EXAMPLE 53 N-Methyl-N-Phenyl-1-{3-[5-Chloro-2-(4-Chlorophenyl)-1-Methyl-1H-Indol-3-yl]-1-Oxopropyl}-4-Piperidinamine

[0184] Aqueous formaldehyde (37%, 80 μl) was added to a solution of N-Phenyl-1-{3- [5-chloro-2-(4-chlorophenyl)-1-methyl-1H-indol-3-yl]-1-oxopropyl}-4-piperidinamine (Example 37, 100 mg, 0.2 mmol) in acetonitrile and the mixture was stirred at room temperature for 15 min. Sodium cyanoborohydride (20 mg) was added and the pH was adjusted to 7.0 by the addition of acetic acid. The mixture was stirred at room temperature for 45 min., maintaining the pH at 7.0 by the addition of further acetic acid. The solvent was evaporated under reduced pressure and aqueous sodium hydrogen carbonate (saturated, 10 mL) and ethyl acetate (25 mL) were added. The layers were separated and the organic fraction was dried (MgSO4) and the solvent was evaporated under reduced pressure. The residue was purified by flash column chromatography on silica gel, eluting with hexane/EtOAc (80:20 increasing to 50:50) to give the title compound as a colorless foam (75 mg, 72%). 1H NMR (360 MHz, CDCl3) δ1.22-1.31 (1H, m), 1.46-1.76 (4H, m), 2.47-2.56 (3H, m), 2.66(3H, s), 2.87-2.94 (1H, m), 2.98-3.04 (2H, m), 3.54 (3H, s), 4.70-4.77 (1H, m), 6.71-6.79 (3H, m), 7.18-7.25 (4H, s), 7.31 (2H, d, J 6.5 Hz), 7.47 (2H, d, J 6.5 Hz), and 7.59 (1H, d, J 1.2 Hz). m/z (ES+) 520, 522 (M+1).
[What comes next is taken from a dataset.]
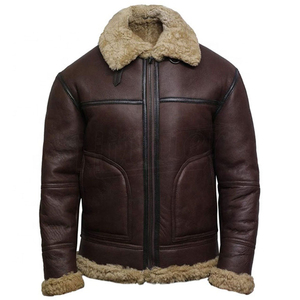 Best Edition Genuine Leather <b>Jackets</b> Distressed Pure <b>Sheepskin</b> Sherpa Shearling Faux Fur Windproof Waterproof High Street Zipper - Product Image 1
EXAMPLE 54 1-{3-[5-Chloro-2-(4-Chlorophenyl)-1-Methyl-1H-Indol-3-yl]Propyl}-4-(Phenylmethyl)-4-Piperidinol Hydrochloride

[0185] Sodium triacetoxyborohydride (292 mg, 1.35 mmol) was added to a mixture of 5-chloro-2-(4-chlorophenyl)-1-methyl-1H-indole-3-propanal (Description 23, 91 mg, 0.27 mmol), 4-(phenylmethyl)-4-piperidinol (54 mg, 0.27 mmol) and glacial acetic acid (77 μL, 1.35 mmol) in 1,2-dichloroethane (5 mL) and the mixture was stirred at room temperature for 2 h. Aqueous sodium hydrogen carbonate (saturated, 40 mL) was added and the mixture was extracted with ethyl acetate (2×40 mL). The combined organic fractions were washed with brine, dried (MgSO4) and the solvent was evaporated under reduced pressure. The residue was purified by flash column chromatography on silica gel, eluting with CH2Cl2/MeOH/NH3(Aq.) (120:8:1). The residue was dissolved in methanol, ethereal hydrogen chloride solution (1M) was added and the solvent was evaporated under reduced pressure. The residue was crystallized from ethyl acetate to give the title compound (46 mg, 31%). 1H NMR (360 MHz, DMSO-d6) δ1.51-1.55 (2H, m), 1.65-1.80 (2H, m) 1.82-1.96 (2H, m), 2.57-2.68 (2H, m), 2.70 (2H, s), 2.90-3.05 (4H, m), 3.54 (3H, s), 4.79 (1H, s), 7.18-7.28 (6H, m), 7.50 (3H, t, J 8.3 Hz), 7.60 (2H, d, J 8.5 Hz), 7.07 (1H, m), and 9.44 (1H, br s). m/z (ES+) 507, 509 (M+1).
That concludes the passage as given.